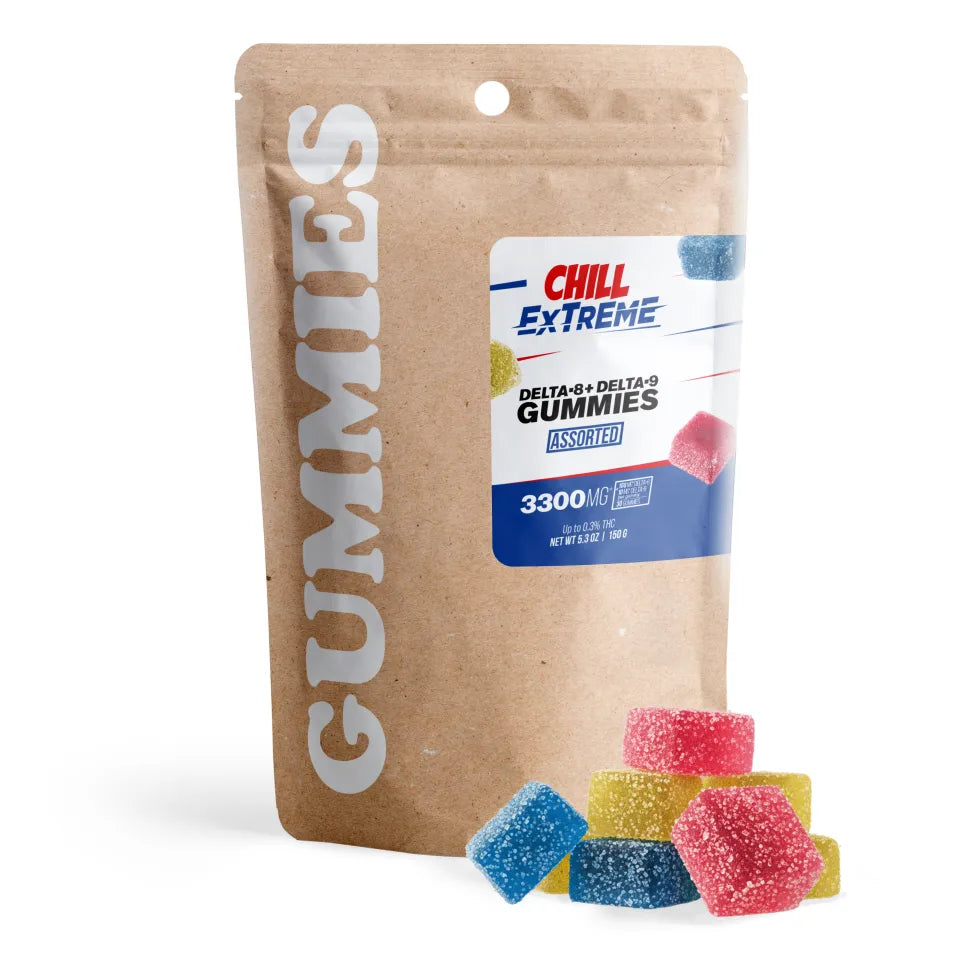 Chill Extreme D8 & D9 Gummies Mixed Fruits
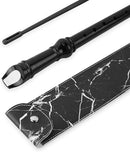 Recorder Instrument for Beginner Kids Adults,8-Hole Soprano Descant Recorder Music Flute with with Cleaning Rod & Leather Case For School Student Home Entertainment(2-Black Marble) by TinyTreasures Baby Boutique
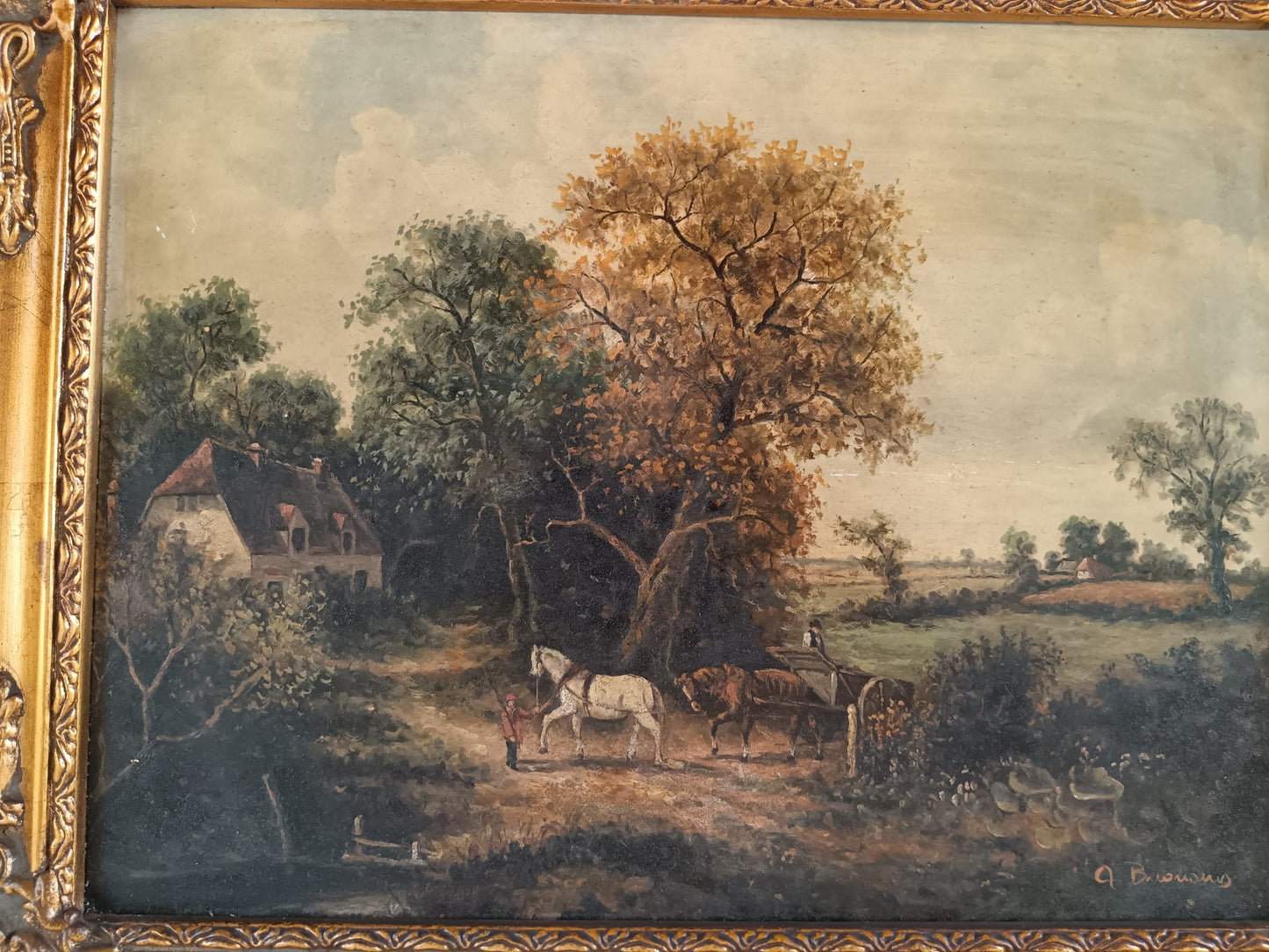 A. Buonomo- dipinto olio su legno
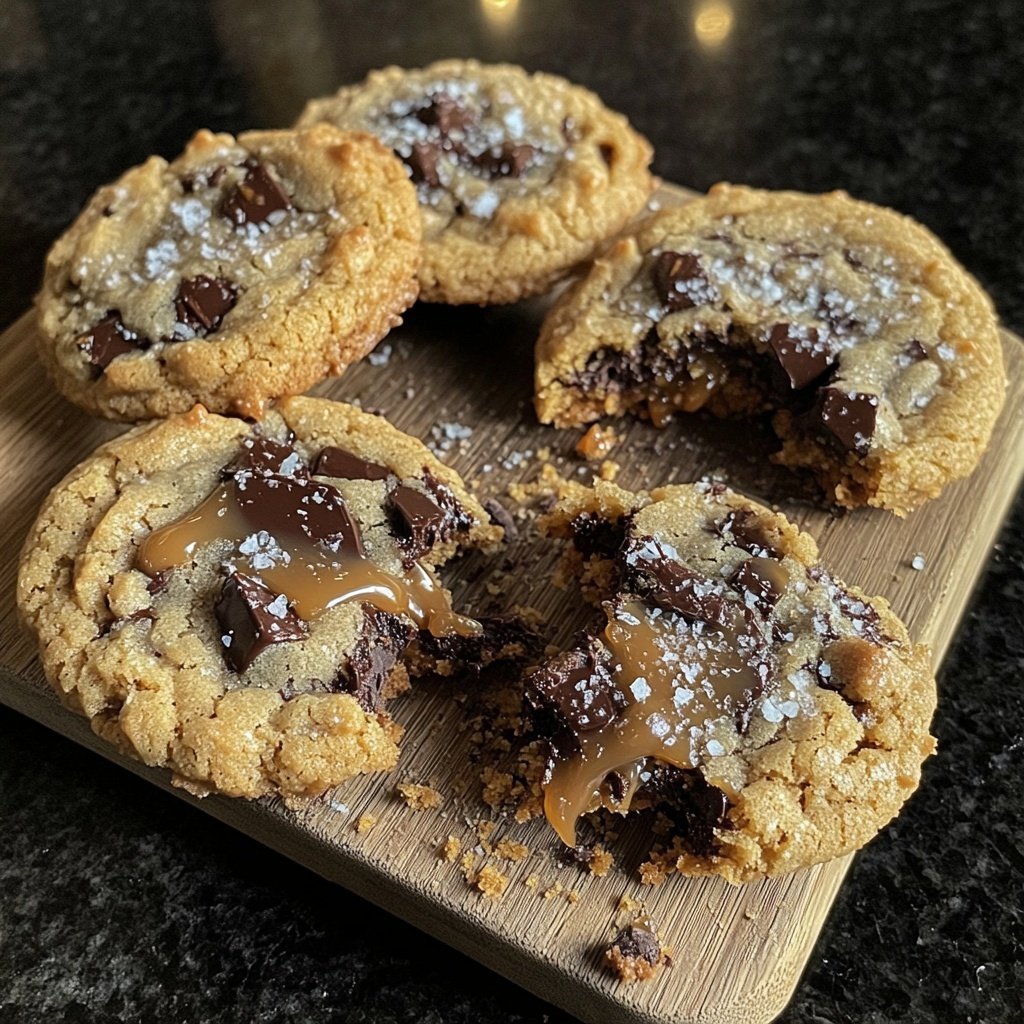 Salted Caramel Chocolate Cookies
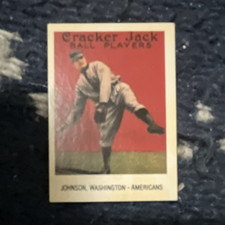 Borden Inc. Walter Johnson 1915 Cracker Jack #57 Washington MLB 1983 Reprint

========================

TASK GOAL
Give back every line of the material above word for word, leaving out the pictures.

OUTPUT FOR THIS TASK
 Chill Extreme D8 & D9 Gummies Mixed Fruits
 Recorder Instrument for Beginner Kids Adults,8-Hole Soprano Descant Recorder Music Flute with with Cleaning Rod & Leather Case For School Student Home Entertainment(2-Black Marble) by TinyTreasures Baby Boutique
 A. Buonomo- dipinto olio su legno
 Salted Caramel Chocolate Cookies
 Borden Inc. Walter Johnson 1915 Cracker Jack #57 Washington MLB 1983 Reprint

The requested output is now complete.